* System updates
** Learning about the need to update
*** Watch vendor announcement lists
*** Watch general security lists
*** Be part of a community that can afford to watch more specific resources
** Do we care?
*** Triage
Sample scale:
1. Update later (scheduled or together with more important stuff)
2. Update as soon as we get an update in our preferred format
3. Take care of it now in one way or the other!
*** Caution: "Important" for the vendor, "Critical" for you
A lot of security advisories are not tuned for our environment with a lot
of general users with shell access. A "local root exploit" is critical to us!
*** Updating the triage
**** Generally, things get more broken as time goes by
**** Sometimes: lucky breaks in the other direction
"Ah, but the bug is only triggered if you use feature X"
"But this is an effective workaround"
** Problems getting updates
*** Waiting for repackagers
Example: CentOS
*** Waiting for turn-key solutions
Example: proprietary Linux + cluster software repackaging
*** Waiting for third-party dependencies
Example: Mellanox OFED, proprietary file system clients
*** Waiting for binary downloads
Example: a lot of big scientific packages
*** Figuring out stuff built from source at site
Example: a lot of big scientific packages
** Solutions for getting updates
*** If it hurts, don't do it
Limit dependency on turn-key solutions, third-party dependencies as far as possible.
Make vendors understand our pain. Again and again. Until they understand.
*** Prepare for building own packages
Example: For RHEL/CentOS set up mock environment, do test builds of
likely/hard components (kernel, glibc, ...)
*** Document source builds so they can be redone by others
Really good documentation.
Automatic build scripts/systems may help...
... but not if not too complicated ("Yeah, I wanted to rebuild FooBarLab last week,
but I do not understand WizzbangAutoBuilder, so...").
*** Make sure you have the credentials, licenses etc needed to download vendor updates when you need them
** Workarounds
Can we test that it works?

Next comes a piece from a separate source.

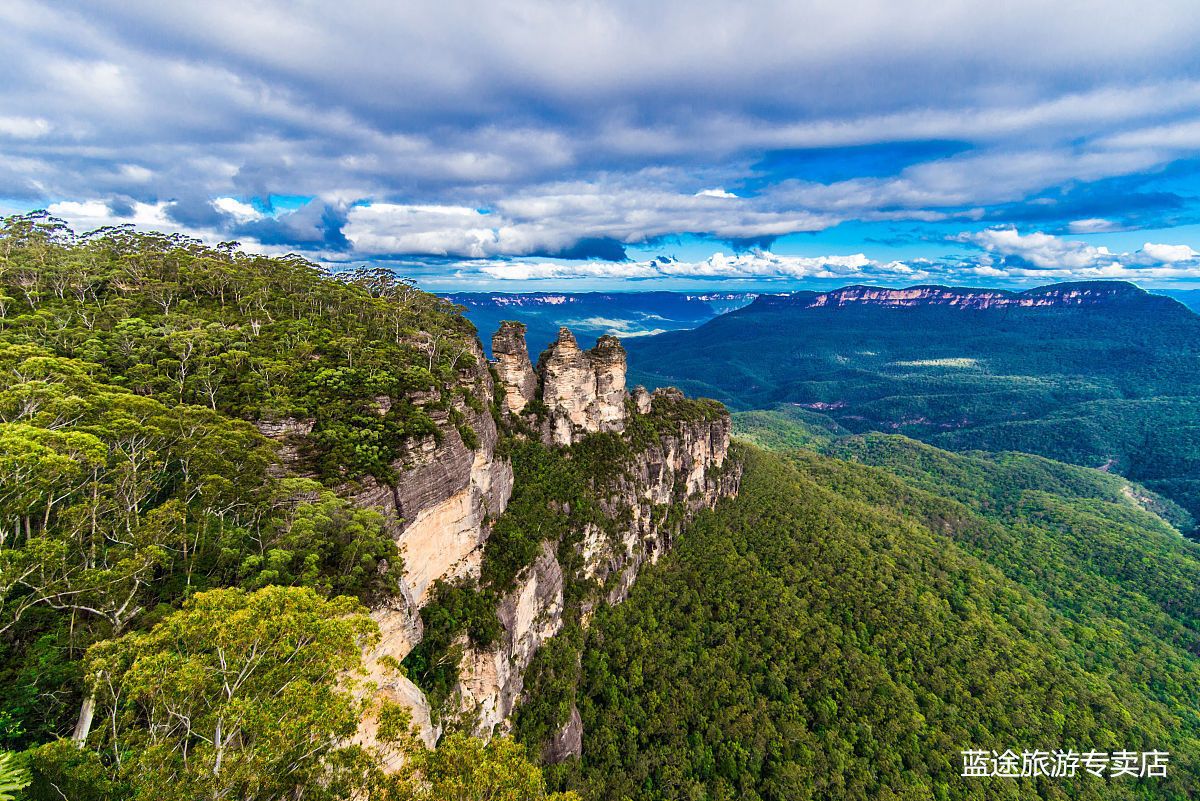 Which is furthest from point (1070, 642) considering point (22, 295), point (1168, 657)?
point (22, 295)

Do we trust it?
*** Workarounds for the specific vulnerability
*** General workaround tactics
**** systemtap
Example: perf bug recently
** How to deploy updates
*** Login nodes and system servers
**** Reboot not needed
Updates can often be applied right away. Make sure enough stuff is restarted... 
**** Reboot needed
Multiple login servers help.  Multiple system servers helps too (if
redundancy works). Otherwise, make sure a quick reboot does not cause
user problems (lost jobs, failed file operations, ...)
*** Compute Nodes
**** Reboot not needed
Updates may be applied right away, but...
... do you care about OS jitter? Can we do work in the job epilog?
... are you sure the update persists? (more on this later)
**** Reboot needed
Automate rolling updates (rebooting as soon as current job is done)!
Keep users out of nodes they do not run jobs on, if you allow user login to nodes.
Can we accept the risk that user X still can login to node Y that is not yet updated?
If not, shut user login access to nodes.
**** Node health checking
Please do in prolog/epilog. It might not be all that security related,
but it saves a lot of other trouble...
We can add test for "security problem X fixed" if we want...
** What If We Cannot Get Updates or Workarounds?
Decide beforehand when it will be appropriate to shut down access.
Get management acceptance.
*** Levels
1. No new logins accepted, but do not kick out those who are logged in
2. No logins accepted, logged in users kicked out, jobs keep running
3. Jobs killed too?
*** Keep users and management informed
Without clear information, "We have temporarily blocked logins to
Triolith while we are investigation how to secure the system for a
serioussecurity vulnerability that was suddenly released on the Internet
today" becomes "I dunno, I heard they shut down Triolith because it
was cracked or something."
* System configuration management
How do we keep the system configuration consistent on nodes and servers?
This is important for security, but also for functionality and performance.
** Special problems for compute nodes
*** Clean reinstall on every boot (diskless or even with node disks)?
Good: you always know what you have on the nodes.
Bad: nodes already zapped when you want to do forensics. Store logs elsewhere?
*** How to install nodes (or node images)?
**** Scripted install (kickstart etc) on every boot
**** Scripted install (kickstart etc) when needed, reboot from disk otherwise
**** Scripted install (kickstart etc) for making node image, use that when booting
**** Manually installed node image, use that when booting
**** (and some other combinations)
*** Deployment at scale
Letting thousands of servers wget/rsync from a few system servers might not work.
Solutions: Bittorrent? Multicast?
** Configuration consistency on servers and compute nodes (or images)
How do we make sure we do not forget vital configuration?
*** Checklists
*** Scripts
*** Configuration management tools
Puppet, Chef, Cfengine, Bcfg2, ....

Warning: abstracting too much may make systems administration harder.
Strive for the right balance!
*** Version control on top of this
Now, you also know how it was four months ago!
** Logging what you have done
Still useful, even with configuration management tools
(but may partly be the commit log).
May be as simple as a date-ordered text file on the system server.
** Package your own tools, scripts etc
Example: Instead of some slightly different scripts in /root/bin on four clusters,
we might aim for versioned RPM package on internal repo server, with source in git.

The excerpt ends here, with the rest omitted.